The "Normandy" group is set to conduct a follow up on the peace process in Ukraine. Amnesty International has said it has evidence the rebels carried out execution-style killings on Ukrainian soldiers.
The "Normandy" group is set to conduct a follow up on the peace process in Ukraine. Amnesty International has said it has evidence the rebels carried out execution-style killings of Ukrainian soldiers.
Germany said on Thursday it hoped for a meeting of the "Normandy" group in the coming day, referring to itself, France, Russia, and Ukraine.
"A meeting of the Normandy group soon would be important, we must stick to the implementation of the Minsk deal. A meeting can hopefully take place early next week," said a government official.
The meeting of the four nation's foreign ministries will act as a follow-up on the fragile Ukrainian ceasefire made in February after nearly a year of bloody war in the east between government forces and pro-Russian rebels.
"I will be in Berlin (on Monday) evening," French Foreign Minister Laurent Fabius told the press, without specifying that it would be a meeting about the ongoing conflict. Speaking after talks with his Ukrainian counterpart Pavlo Klimkin in Paris, Fabius said Ukraine's President Petro Poroshenko is due to visit France later in April.
"There has been some progress on the ground in implementing the package of February 12 Minsk measures, despite too many violations, where pulling back heavy weapons in concerned," Fabius added.
Amensty says it has evidence of "war crimes"
The truce appeared to be largely holding despite isolated deadly clashes and the slow roll back of heavy weapons.
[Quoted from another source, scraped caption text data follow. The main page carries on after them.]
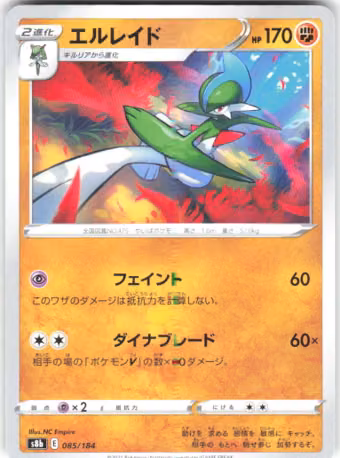Gallade, 085/184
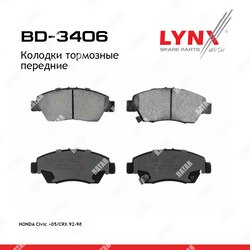 LYNXAUTO Колодки тормозные дисковые перед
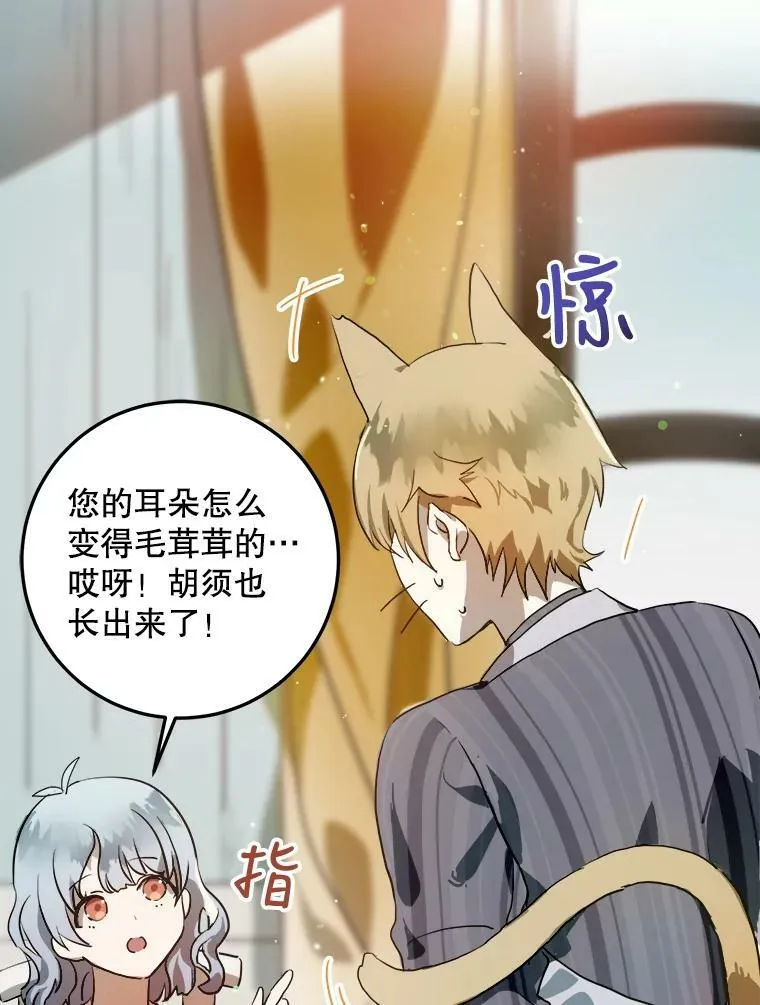 5.不要低头105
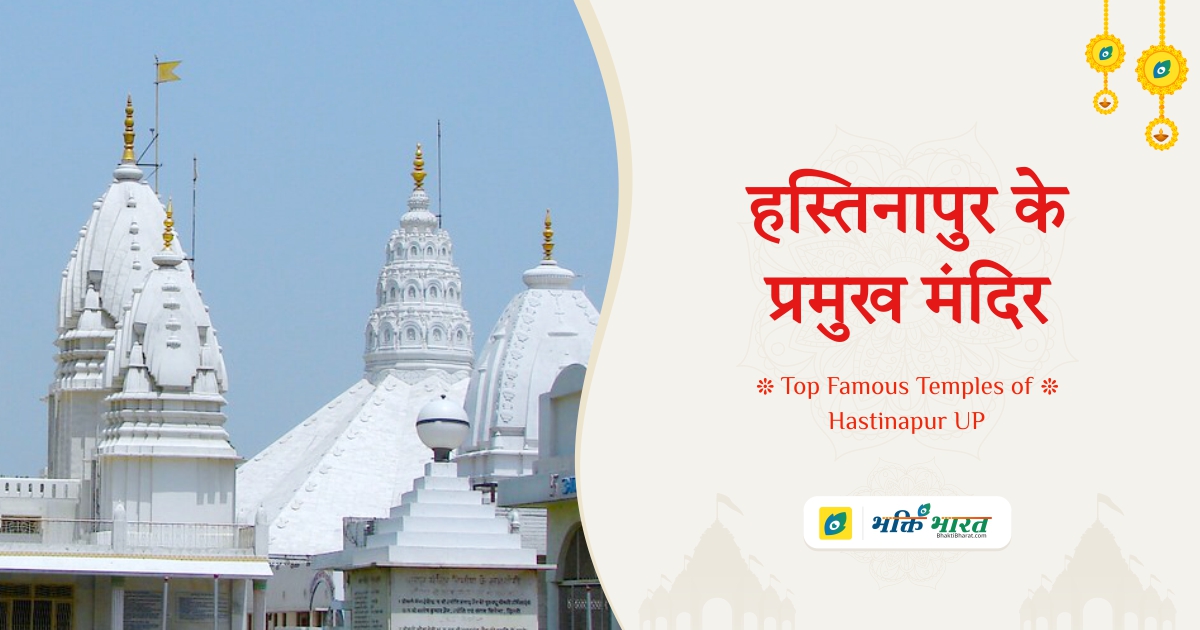 Top Famous Temples Of Hastinapur Uttar Pradesh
Amnesty International said Thursday it had evidence that the separatists in east Ukraine had executed several captured government soldiers, in gross violation of international law.
The human rights group claimed that it had seen footage showing four Ukrainian soldiers - now confirmed dead - being interrogating by the rebels. Pictures showing bullet wounds to the soldier's heads illustrated that they had died as the result of execution-style killings, Amnesty said.
"The torture, ill-treatment and killing of captured, surrendered or wounded soldiers are war crimes," Denis Krivosheev, Europe and Central Asia deputy director at Amnesty International, said in the group's statement.
Hundreds of Ukrainian troops are believed to have been captured by rebel forces over the course of a year-long war that has claimed more than 6,000 lives.